Hey, I have been trying to use Ray for some things in my project. I’m trying to process data from three sources at the same time. I made it to the point of running methods that receive objects but sadly my object uses s3 functionalities to download files and TypeError: can't pickle SSLContext objects
error appears.
This is the code I’m using for that (this will raise the error when I use an s3 instance)
ray.init()
print(ray.available_resources())
@ray.remote
def f1(object_, x):
time.sleep(5)
return [i for i in range(100*x)]
@ray.remote
def f2(object_, x):
time.sleep(5)
return [i for i in range(100*x)]
@ray.remote
def f3(object_, x):
time.sleep(5)
return [i for i in range(100*x)]
class test:
name = "hey"
apellido = "bye"
@ray.remote
def f(self, x):
return x * x
def run_multiprocess(self):
futures = [f1.remote(self, 20), f2.remote(self, 10), f3.remote(self, 5)]
a, b, c = ray.get(futures) # [0, 1, 4, 9]
t = test()
t.run_multiprocess()
This code executes in 9 seconds (kind of expected). I don’t know why this took 4 seconds to set up everything.
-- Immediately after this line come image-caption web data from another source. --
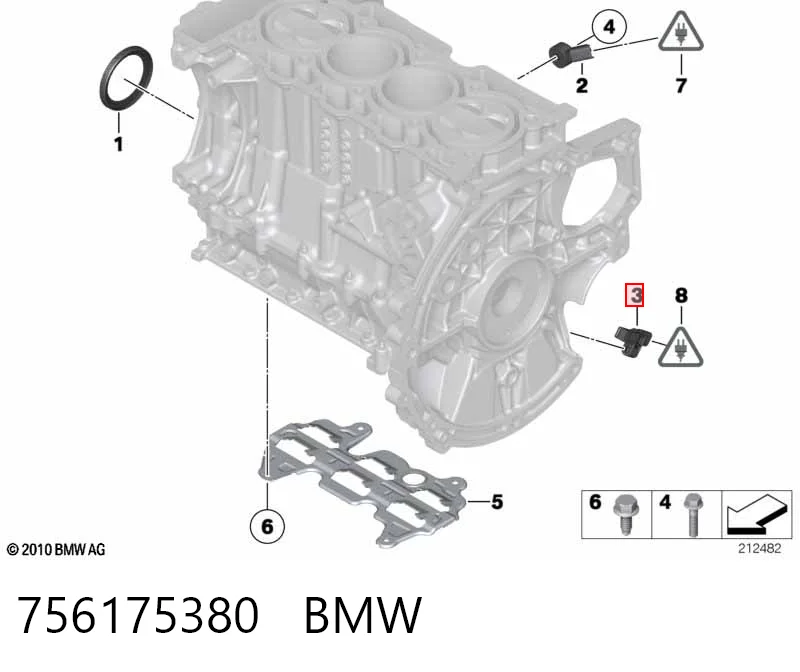756175380 BMW Sensor de posição (de revoluções) de cambota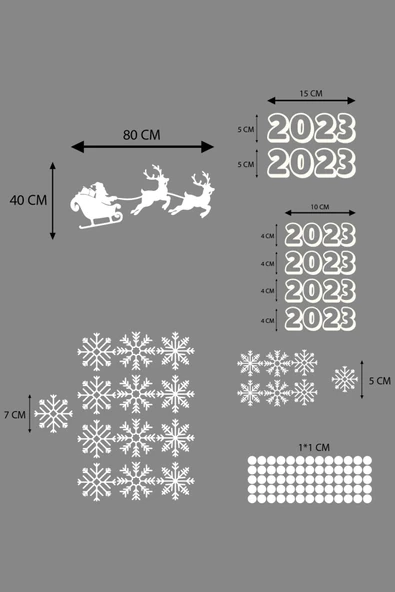 İndispensableyl Yılbaşı Happy New Year Çıkartma Süsü ÖZEL Yıl Süsü Parti Cam Süsü Noel Ağacı Kar Tanesi - Resim 3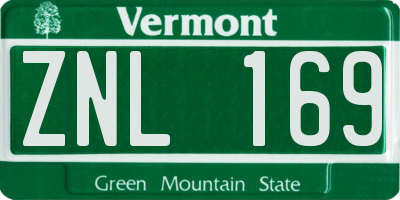VT license plate ZNL169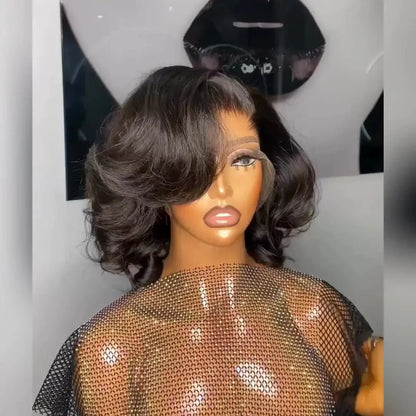 Short Lace Front Wigs Loose Wave Hair Glueless Human Hair Bob Wig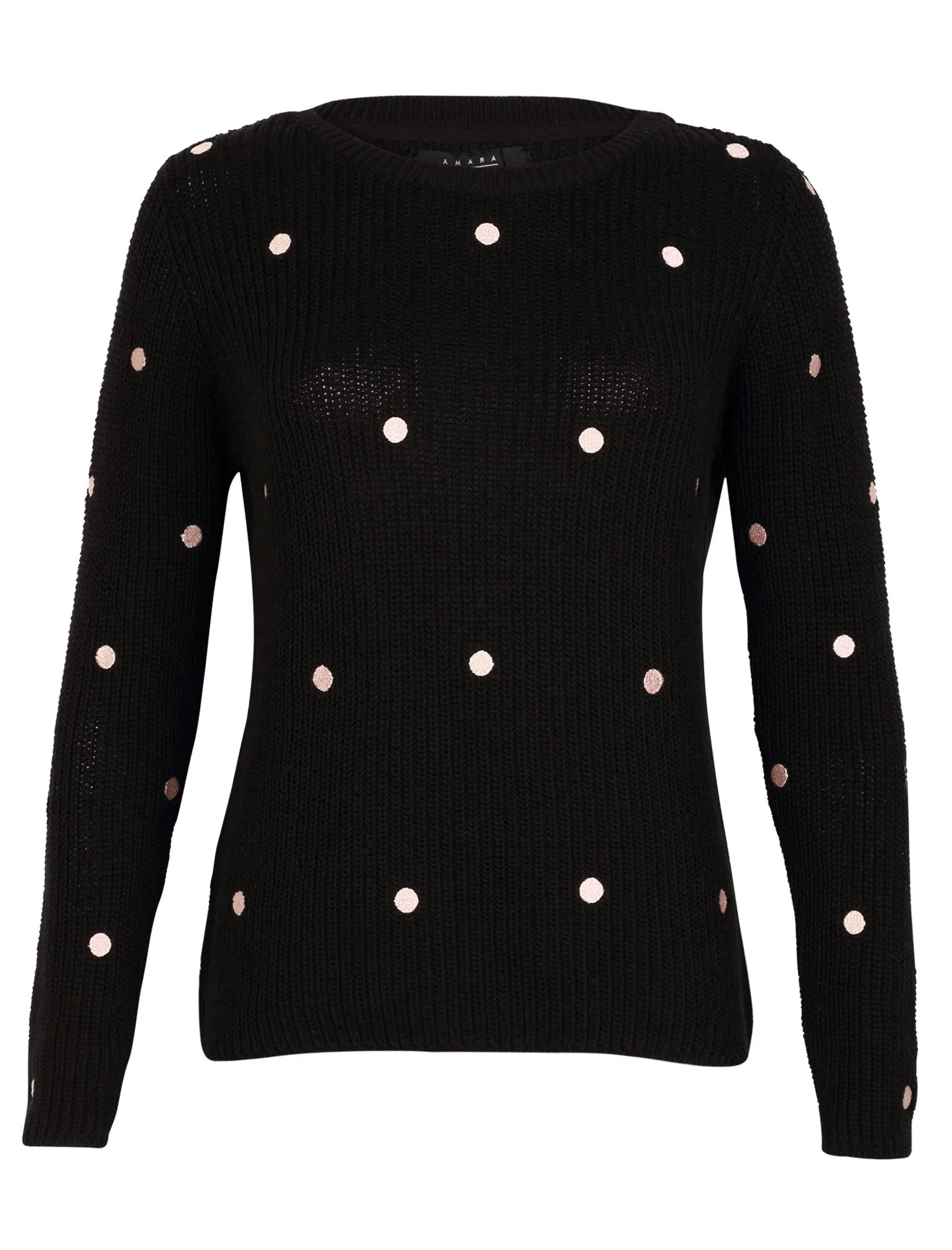 Balsam Crew Neck Rib Knit Polka Dot Jumper in Anthracite - Amara Reya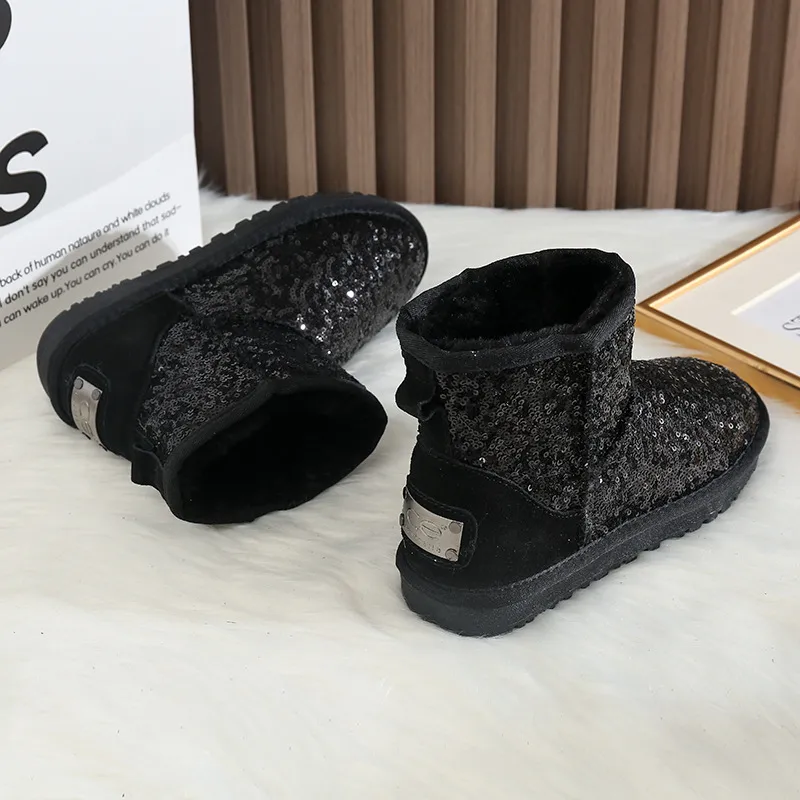 CE Designer Gratis Verzending Oxhide Betaalbare Winter Antislip Sneeuwlaarzen Met Dikke Pluche Katoenen Schoenen Effen_voghion.com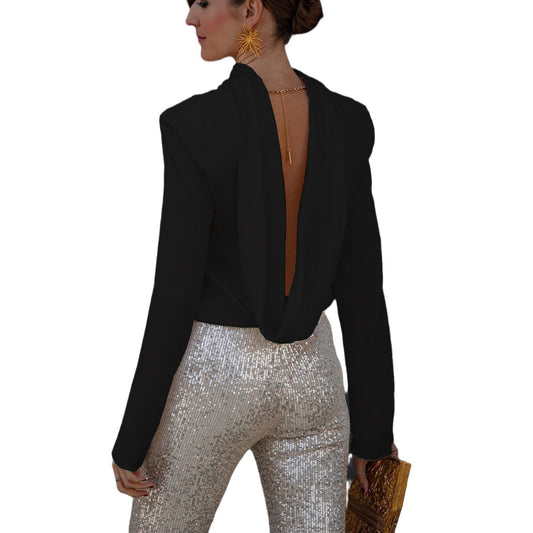 Women's Casual Loose Satin Long-sleeved Scarf Shirt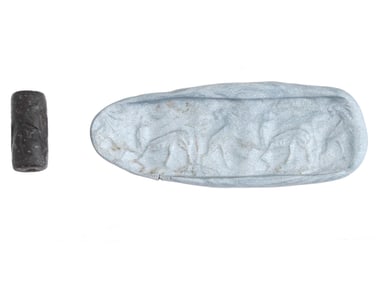 ANCIENT STEATITE STONE INTAGLIO CYLINDER SEAL BEAD
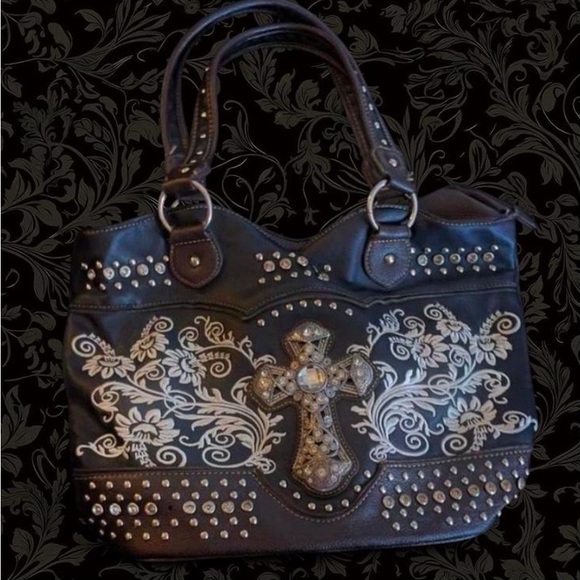 Studded Black and Silver Women's Bag - Picture 1 of 5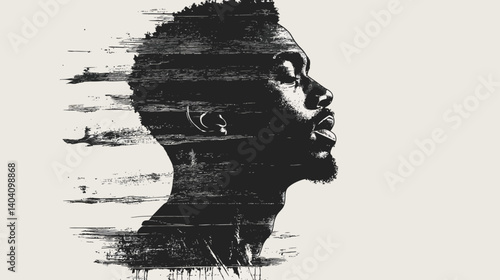 Silhouetted Identity:  A man’s profile is juxtaposed against a blurred background, with a sense of movement and depth in the layered imagery.  The silhouette evokes introspection, identity.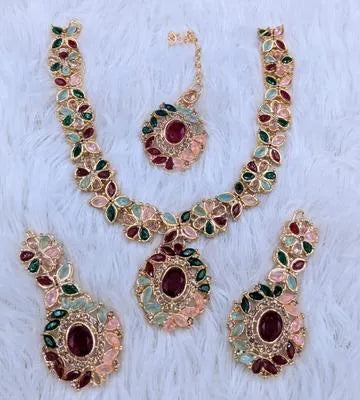 Premium Fancy Artificial Stones Artificial Set with Earring and Tikka Pack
After this I tried another approach, using actor methods
ray.init()
@ray.remote
class TrainInputs (object):
@ray.method(num_returns=1)
def f1(self, x):
time.sleep(5)
return [i for i in range(100*x)]
@ray.method(num_returns=1)
def f2(self, x):
time.sleep(5)
return [i for i in range(100*x)]
@ray.method(num_returns=1)
def f3(self, x):
time.sleep(5)
return [i for i in range(100*x)]
class Train():
t = TrainInputs.remote()
def get_inputs_train(self):
print(ray.available_resources())
futures = [self.t.f1.remote(20), self.t.f2.remote(10), self.t.f3.remote(5)]
a, b, c = ray.get(futures)
train = Train()
train.get_inputs_train()
ray.shutdown()
But the execution lasts 19.7 seconds which means we don’t see any improvements.
I also tested async approach but since we are not working with any additional library (all this is manual) the gil lock will not be bypassed.
Any ideas? am I doing anything wrong?.